Citing the urgency of climate change, Resilient Design Institute founder and president Alex Wilson traveled more than 28,000 miles in 88 days—by chartered plane, SUV, and Jet-Ski—educating audiences large and small about the importance of preparing for disruptions due to unforeseen weather events.

“Catastrophic storms like Hurricane Katrina and Superstorm Sandy have opened our eyes to the importance of preparing for disaster,” he said from atop a diesel mega-yacht to a beachfront crowd in Rio de Janeiro. “You should really consider retrofitting your building envelope with some rigid mineral wool,” he shouted to the crowd, emphasizing his major points with pyrotechnic displays.

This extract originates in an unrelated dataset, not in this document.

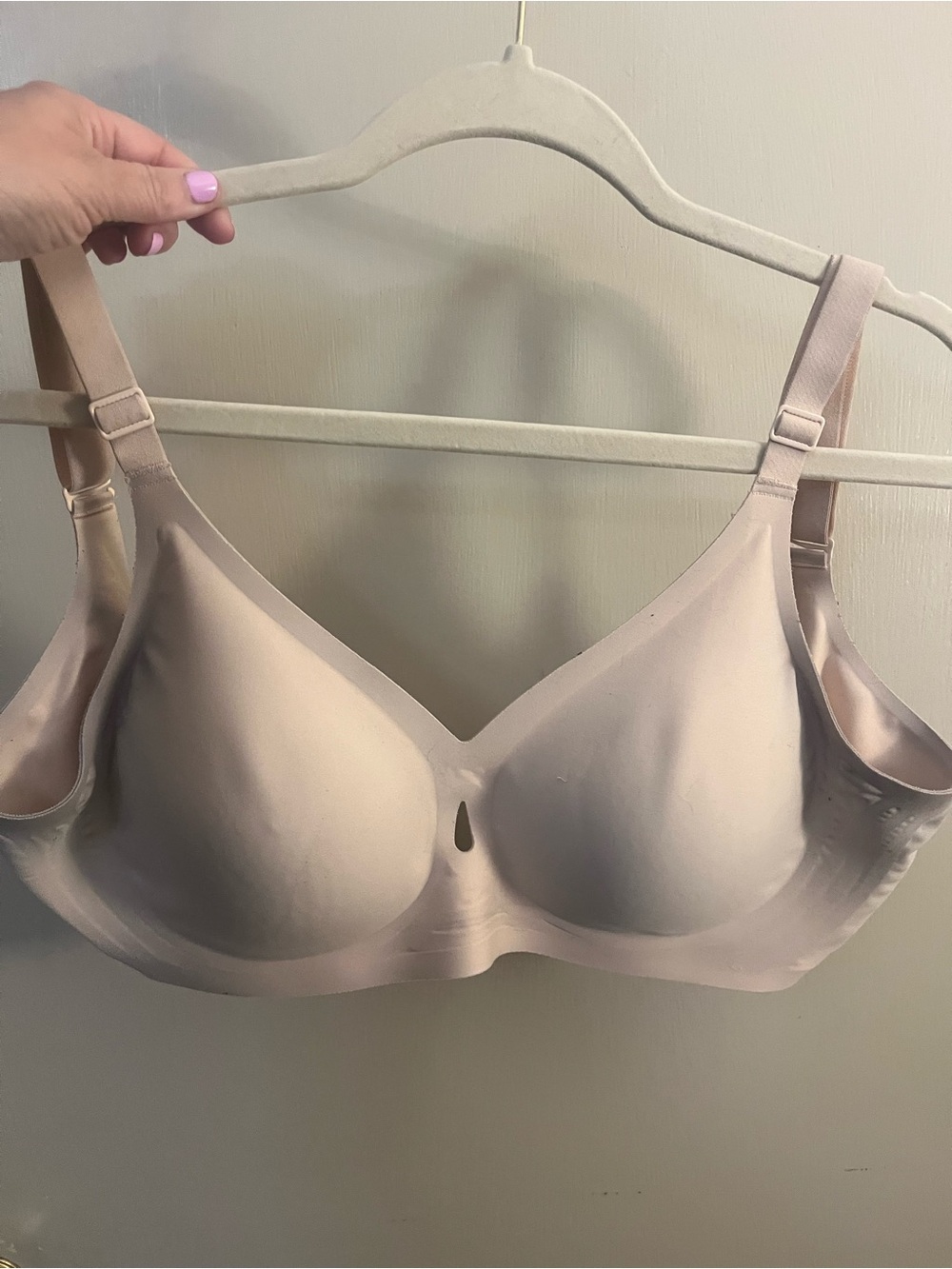 Amazon Light Blush Seamless Molded Cup Bra - Nude Pink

Reaching a broader audience

Wilson’s worldwide tour represents a broad departure from his understated approach of the previous 30 years. He confessed he’d grown weary of “preaching to the choir” about passive solar heating, “tuning” glazing characteristics by building orientation, and the global warming potential of insulation blowing agents.

“You go to conference after conference and see the same two dozen people talking about ‘moving the needle.’ I needed to reach a new audience, so I had to go big,” he said, adding that the worldwide tour might also help him locate the needle.

Tour highlights include:

  • Arriving in Tokyo by Concorde (borrowed from Russian oligarch/Foamglas magnate Dimitri Zhutov), and explaining to a 20,000-person stadium audience how heat pumps work.
  • Skydiving into the courtyard of a Balinese elementary school and telling the kids all about the durability and fire-resistance of slate roofing.
  • Appearing on live television in Ulan Bator and describing how traditional Mongolian yurts could be improved with smart vapor retarders.

The RDI stretch Hummer, donated by longtime EBN sponsor General Motors, will become Alex Wilson’s primary vehicle back in Vermont. “Did you know you can fit a pair of canoes right on top?” he enthusiastically exclaimed.

Photo: Lard Anemone

Wilson spoke fondly of the stretch Hummer he used for portions of the tour. “It was great on roads that were washed out by storms, and it made a real impression whenever I drove into a new town—kids especially loved it! And it stayed very temperate inside, since I coated it with some of that insulating paint before the tour. Three coats and—bam!—R-57… I’m not sure why this stuff isn’t listed in GreenSpec” (BuildingGreen’s database of green building products).

Next stop: Antarctica

Wilson is already looking ahead to his 2015 outreach tour, which will cover all seven continents.

“I’m excited about next year’s trip to Antarctica—with a warming climate, I believe it has a lot of potential as a human habitat. The passive solar possibilities are terrific, of course, and I think we’ll discover some interesting locavore options once we acquire a taste for the local fauna. In fact, now that Jerelyn and I have completed and moved into our renovated farmhouse [in Vermont], I’ll have time to start planning our next home, and I think the poles have a lot to offer.”

Jerelyn Wilson was unavailable for comment.